It probably won't ever be 10x faster than the CPU value unless you actually use the parallelization features of the GPU.
Lets try to do some estimations:
- The compiled kernel has ~70 instructions. There will be a lot of stalls accessing memory, lets assume a single execution taking 500 cycles (my emulator needs ~320 cycles, but does not map all the memory access delays).
- Given a frequency of 250MHz, we get 250MHz / 500 cycles/execution = 500k executions/s
- Running 1.2M work-items with a work-group size of 12 gives 100k work-group executions.
=> The GPU takes at least 100k executions / 500k executions/s = 200ms - This does not heed any CPU-side overhead!
The superior processing power of the GPU (24GFLOPS GPU vs. 1GFLOP CPU theoretical maximum) can only be used when the parallelization features (16-way SIMD vector on 12 QPU processors and preferably using both ALUs) are actually utilized.
Lets assume we use float16
vectors instead, i.e. this kernel code:
__kernel void multiplication(__global float16* A, __global float16* B, __global float16* C)
{
int id = get_global_id(0);
C[id] = A[id] * B[id];
}
This gives us following approximation:
- The compiled kernel has ~75 instructions. There will be a lot of stalls accessing memory, lets assume a single execution taking 500 cycles (my emulator needs almost the same ~320 cycles, but still does not map all the memory access delays).
- Given a frequency of 250MHz, we still get 250MHz / 500 cycles/execution = 500k executions/s
- Running 75k (1.2M / 16) work-items with a work-group size of 12 gives 6250 work-group executions.
=> The GPU takes at least 6250 executions / 500k executions/s = 12.5ms
You won't reach that theoretical time, because a large part of the original 700ms will be CPU-side and scheduling overhead, but I assume you should be able significantly lower the execution time.
Thank you very much for your explanation.
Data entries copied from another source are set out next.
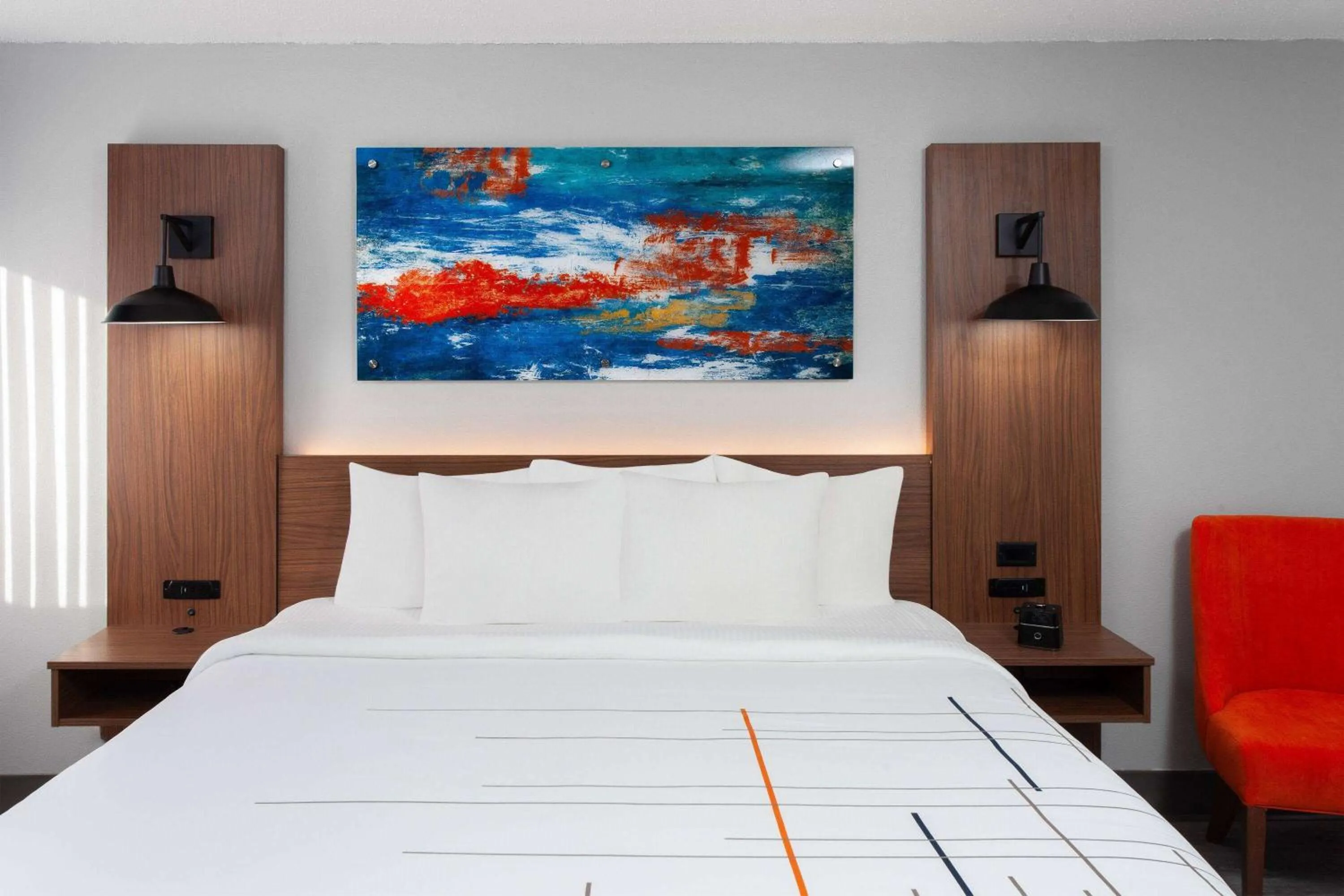 Bed in La Quinta Inn by Wyndham Wausau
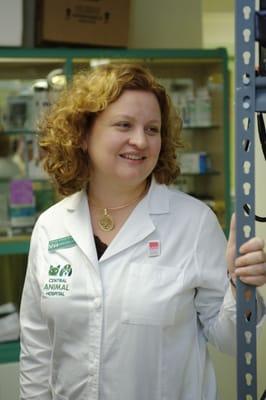 Dr. Jennifer Karnes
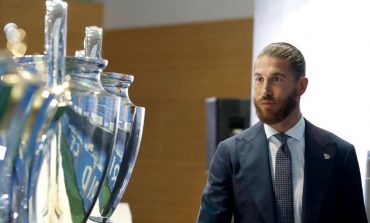 Ditolak Duo Manchester, Sergio Ramos Menuju ke PSG?
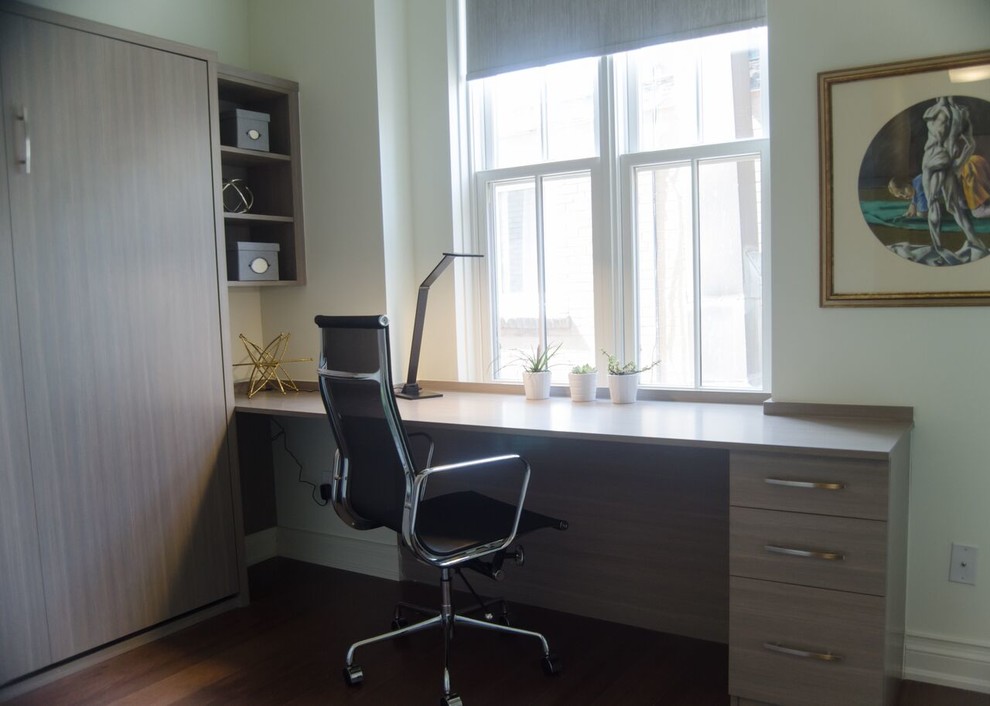 Inspiration för små moderna arbetsrum, med vita väggar, mörkt trägolv, ett inbyggt skrivbord och brunt golv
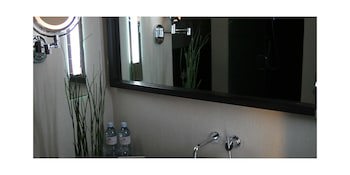 Crowne Plaza Toluca Lancaster, An Ihg Hotel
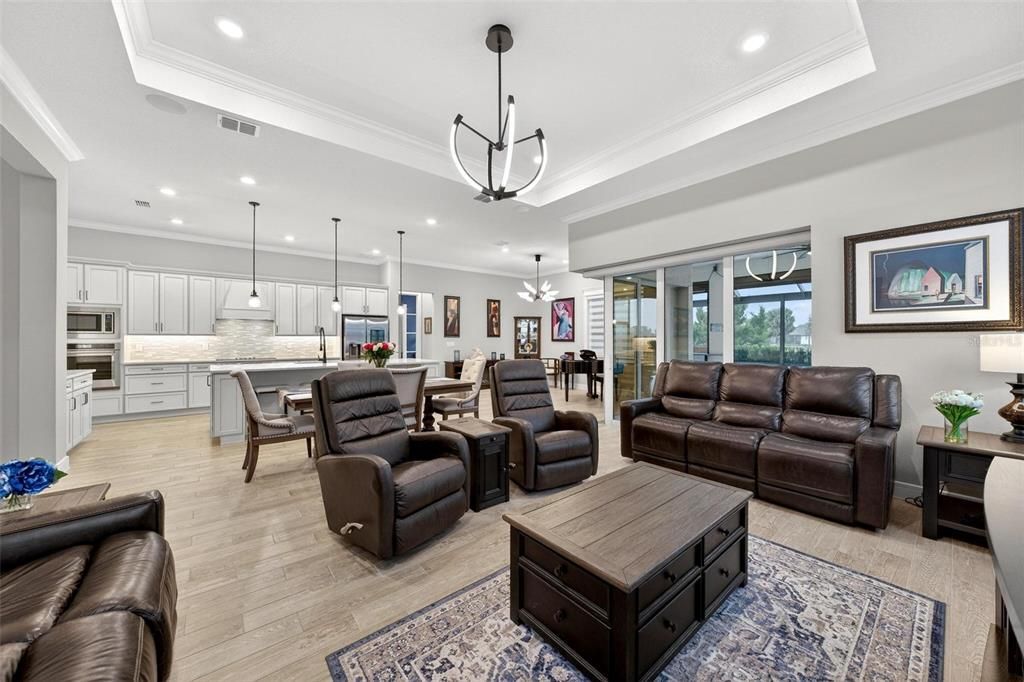 En Venta: $989,900 (3 camas, 3 baños, 2892 Pies cuadrados)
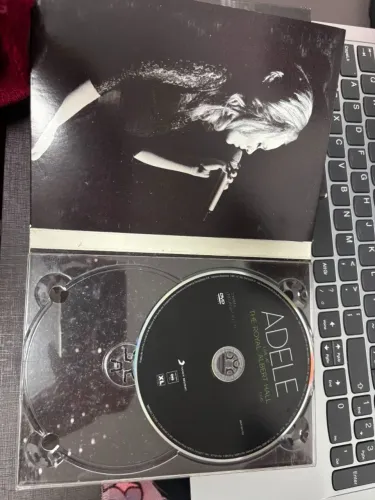 DVD Adele Live at the Royal Albert Hall - Somente DVD, sem CD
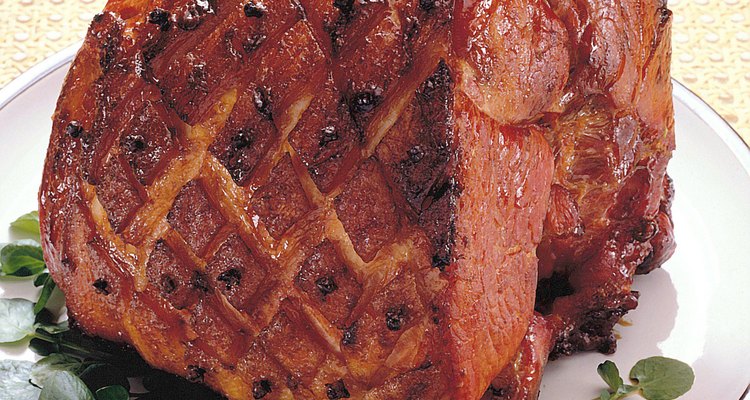 La carne fresca de cerdo es baja en sodio y alta en tiamina.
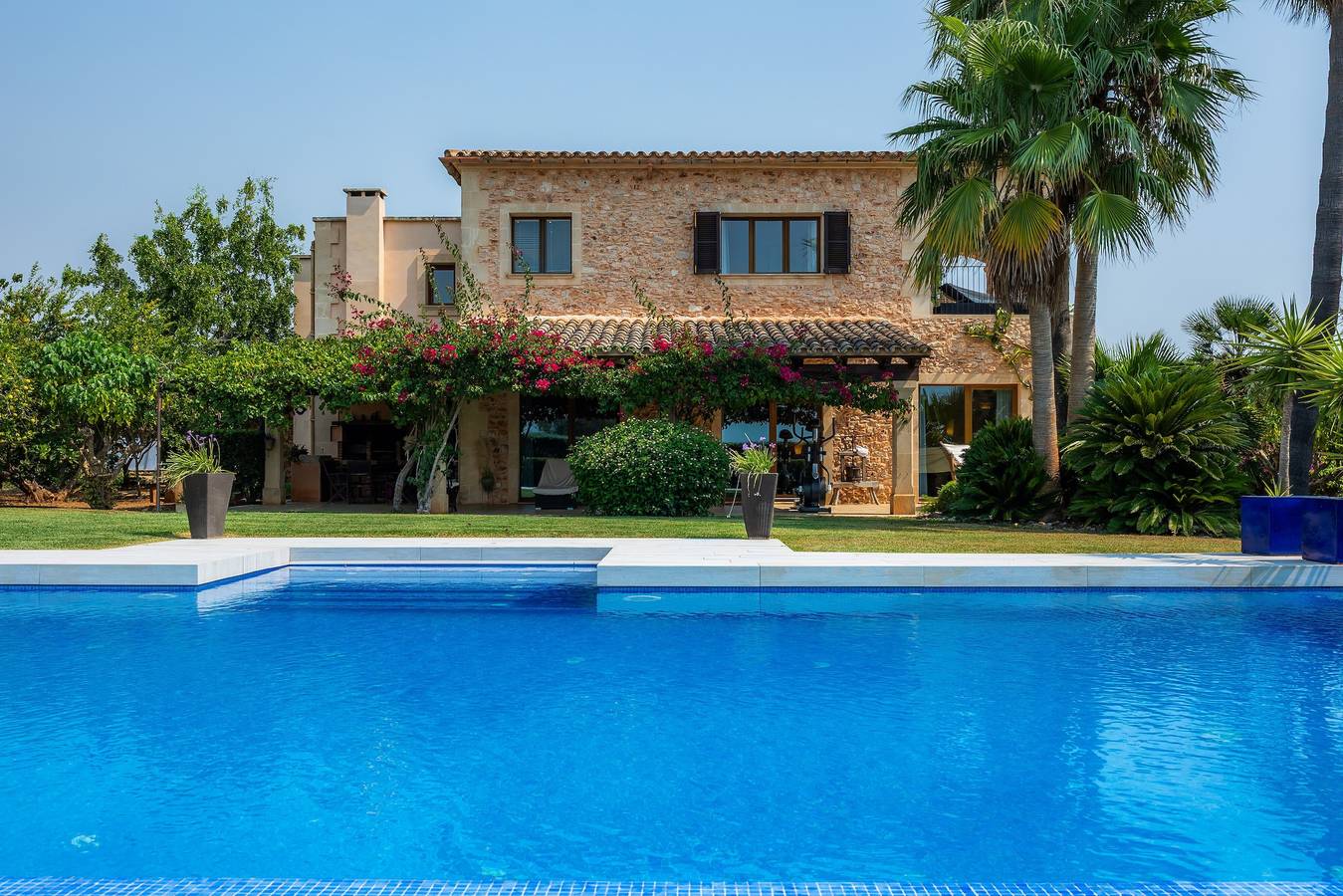 Landhaus 'Vinya Vella' mit Bergblick, Wlan und Klimaanlage in Cala d'Or, Santanyí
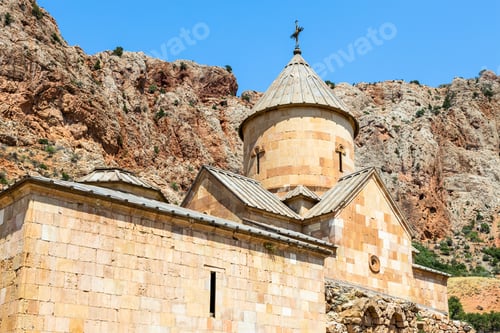 Preview: edifice of St John the Baptist church in Noravank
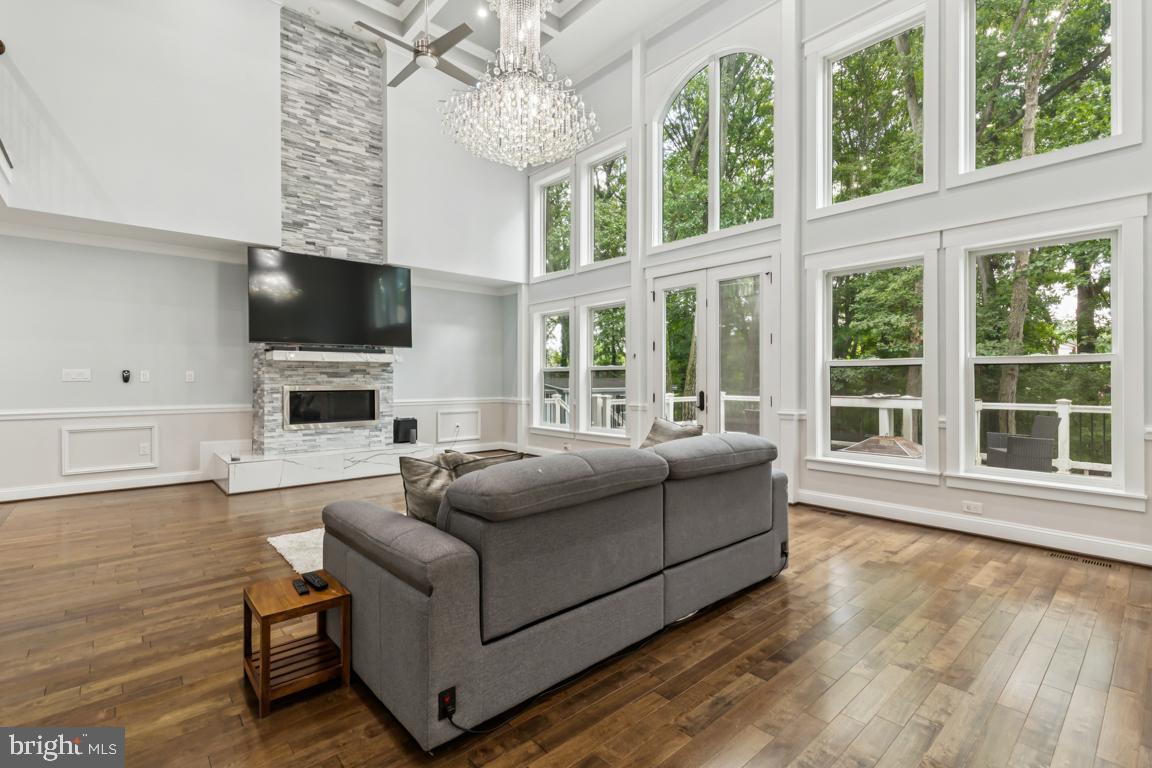 LINCOLNIA PARK - Residential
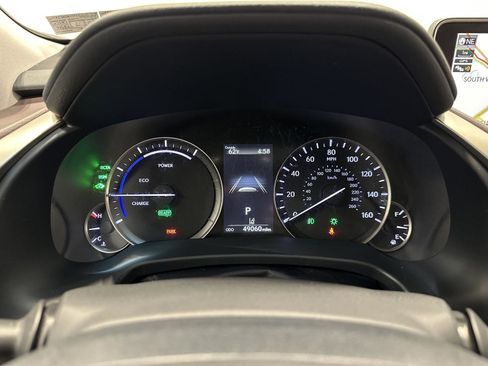 Used 2018 Lexus RX 450hL Luxury image 17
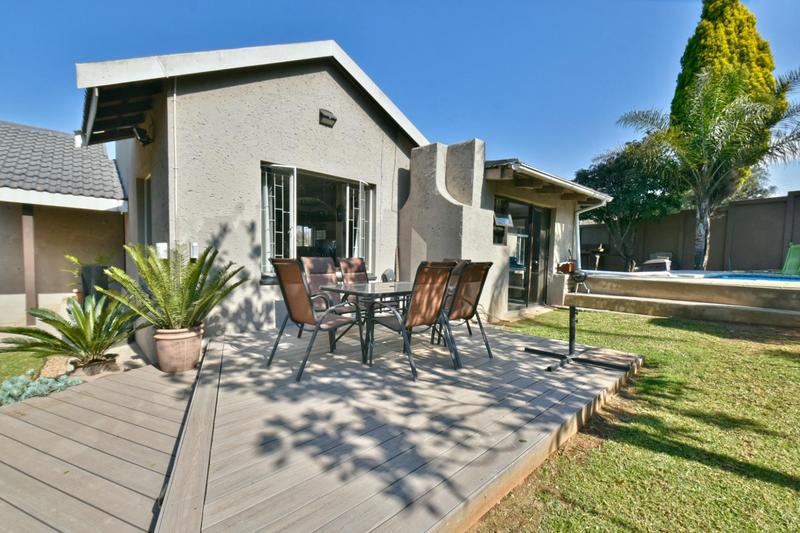 4 Bedroom Property for Sale in Sharonlea Gauteng
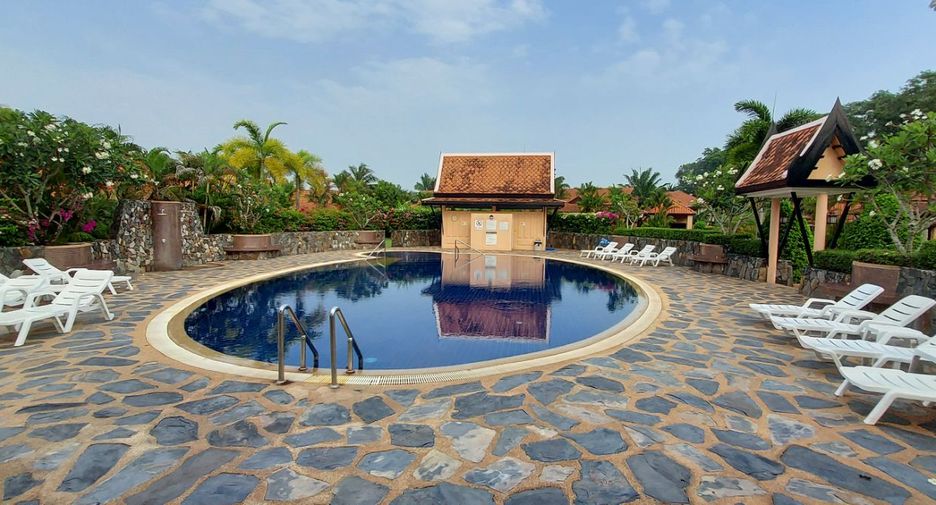 For sale 4 bed villa in Klaeng, Rayong
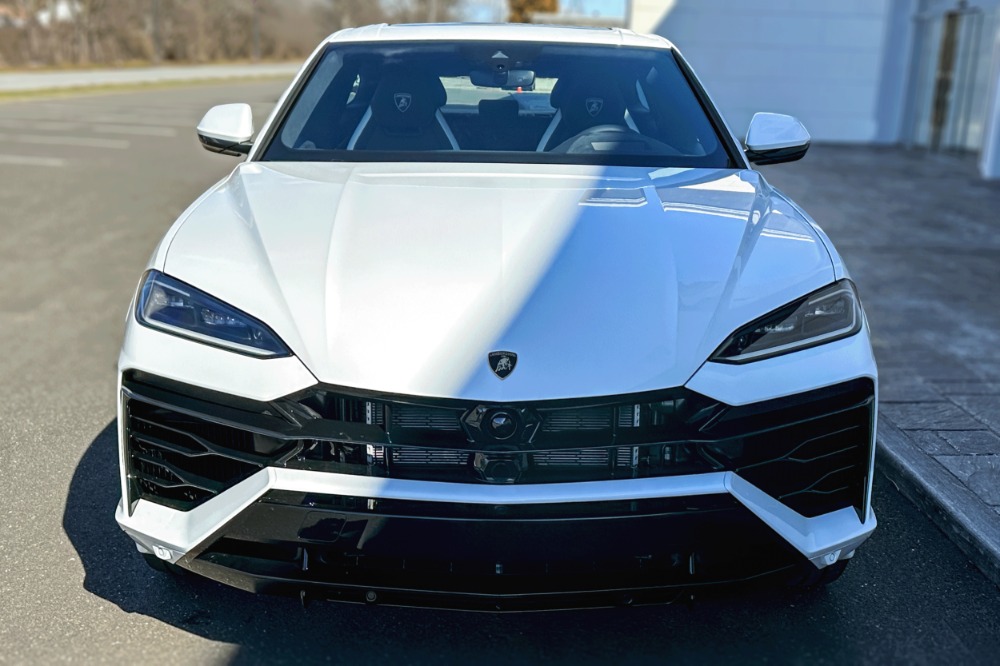 2026 Lamborghini Urus Image 18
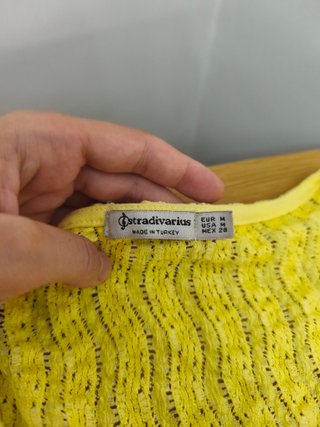 Top Stradivarius amarillo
Now it makes sense I didn't know that there is so big overhead. I read that Video Card 4 has maximal processing power 24GFLOPS and I expected some overhead but still I thought that I would be able to multiply 3giga samples per the second.
Thank you
The maximum actual performance I ever measured was just above 8GFLOPs running the clpeak floating-point test. So from the calculation you can definitively achieve that.
The problem with your kernel is that you have 3 memory accesses (2 reads and 1 write) per hand full of arithmetic calculations. So most of the time will be spent waiting for IO, since the memory access from the VideoCore IV is not that fast.
Now I modified the kernel so that I removed memory operation and the time for 1.2M operations took 28ms. Memory operations are very expensive. But why the CPU has faster memory access? It is the same memory. Can I somehow speed up memory access?
Thank you.